DPD RI – Konflik agraria yang terjadi dalam beberapa waktu belakangan ini, membuat Senator Papua Barat, Filep Wamafma angkat bicara. Menurutnya, salah satu penyebab dari berulangnya konflik agraria tersebut disebabkan oleh lambannya pemerintah menuntaskan persoalan Hak Guna Usaha (HGU).
“Pemerintah memang sangat lamban. Konflik berulang karena mitigasi resiko pemerintah tidak berjalan dengan baik. Padahal masalah HGU di daerah-daerah di Indonesia ini sudah berlarut-larut,” ujarnya saat diwawancarai media (6/10/2023).
“Hasil pemeriksaan KPK saja menemukan ada 8,3 juta hektar (ha) lahan HGU yang belum terpetakan sehingga menimbulkan konflik vertikal. Proses sertifikat luas HGU di Indonesia masih banyak yang belum terpetakan. Ada 1700-an sertifikat yang bermasalah begitu. Kalau kita cek lebih jauh, konfliknya terjadi karena pengukuran tanah HGU sebelumnya masih berdasarkan tanda alam, belum menggunakan sistem proyeksi TM-3 dan karena terbitnya SK penetapan Kawasan Hutan dan Perda RTRW kawasan hutan setelah HGU terbit,” jelas Filep.
Lebih lanjut, Filep menegaskan bahwa seharusnya analisis KPK itu dijadikan dasar untuk membuat kebijakan yang pro rakyat. Pasalnya, sebagai wakil daerah, dirinya kerap menerima keluhan dari masyarakat terkait masalah HGU tersebut.

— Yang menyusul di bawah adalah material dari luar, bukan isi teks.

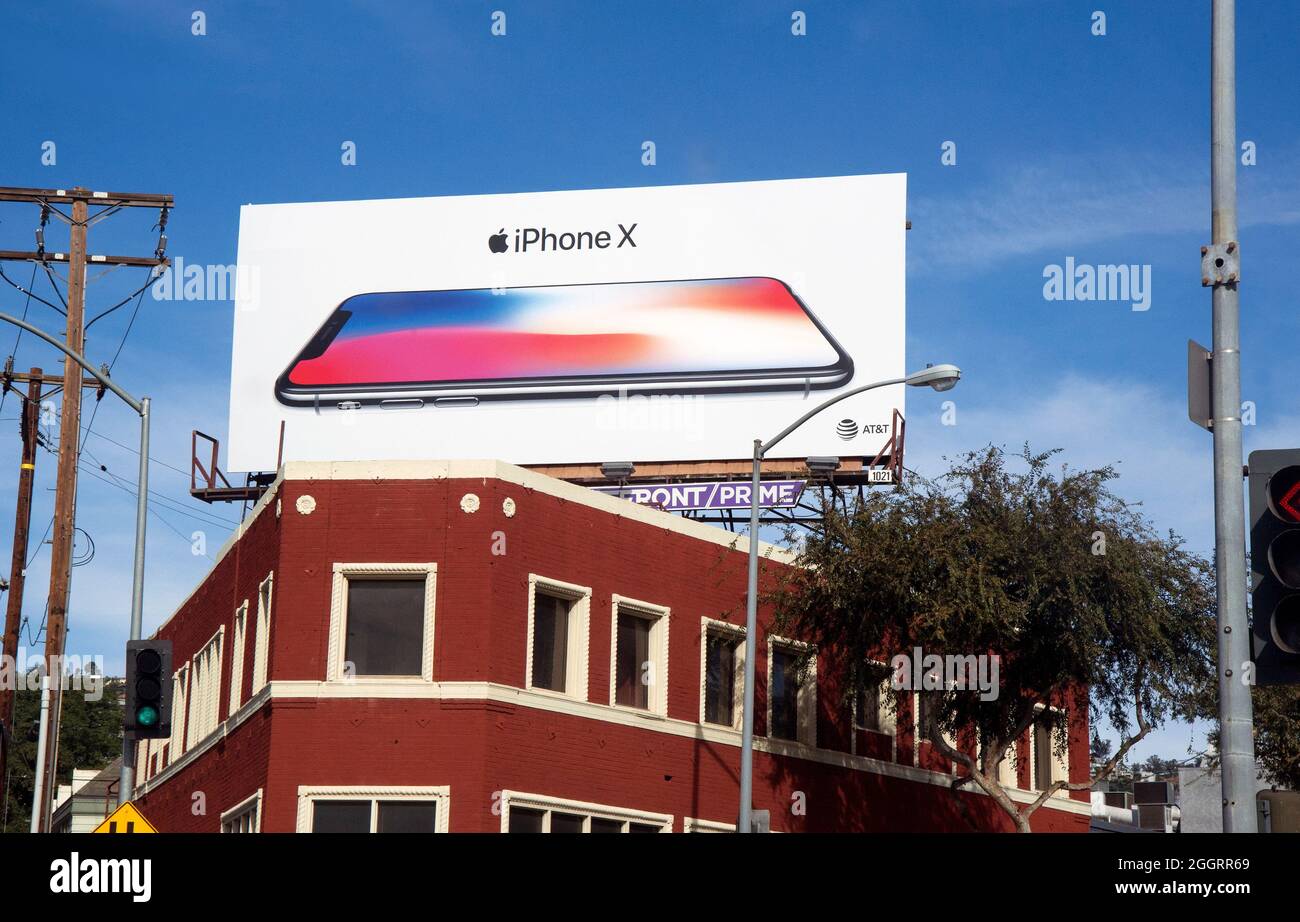 Telefono X affissioni a Santa Monica e Doheny Blvd. A West Hollywood, Los Angeles, CA Foto Stock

“Hasil KPK itu seharusnya segera ditindaklanjuti. Saya menerima aspirasi dari masyarakat terkait konflik HGU ini. Maka tentu saya meminta supaya Pemerintah segera tuntaskan persoalan HGU dan persoalan tanah terlantar agar tidak menciptakan konflik antara pemerintah dan masyarakat,” tambah Filep lagi.

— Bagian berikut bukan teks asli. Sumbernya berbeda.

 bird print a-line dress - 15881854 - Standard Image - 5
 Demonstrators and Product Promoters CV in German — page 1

“Di sisi lain, meskipun HGU berkaitan dengan investasi, namun investasi tidak boleh meniadakan perindungan dan pengayoman pada masyarakat. Investasi itu penting tetapi jauh lebih penting adalah bagaimana warga negara diberikan jaminan dan perlindungan oleh Negara,” tegas Filep.
Sebagai solusi atas permasalahan ini, Senator Papua Barat itu meminta agar Pemerintah segera mengambil kebijakan taktis.
“Maksud saya adalah bahwa persoalan HGU ini perlu ada penertiban oleh Pemerintah, khususnya HGU yang terlantar. Selanjutnya perlu ada satgas atau lembaga yang khusus menyelesaikan sengketa pertanahan terkait HGU,” ucapnya.
“Menurut saya pemerintah sangat sulit membela rakyat karena alasan legalitas HGU, tetapi jika ada penyelesaian melalui suatu badan atau lembaga yang menangani khusus persoalan pertanahan maka setidaknya persoalan pertanahan HGU bisa diselesaikan. Kita butuh aksi nyata pemerintah seperti itu, bukan dengan cara-cara yang akhirnya melawan rakyat sendiri,” ujar Filep menutup wawancara. (*)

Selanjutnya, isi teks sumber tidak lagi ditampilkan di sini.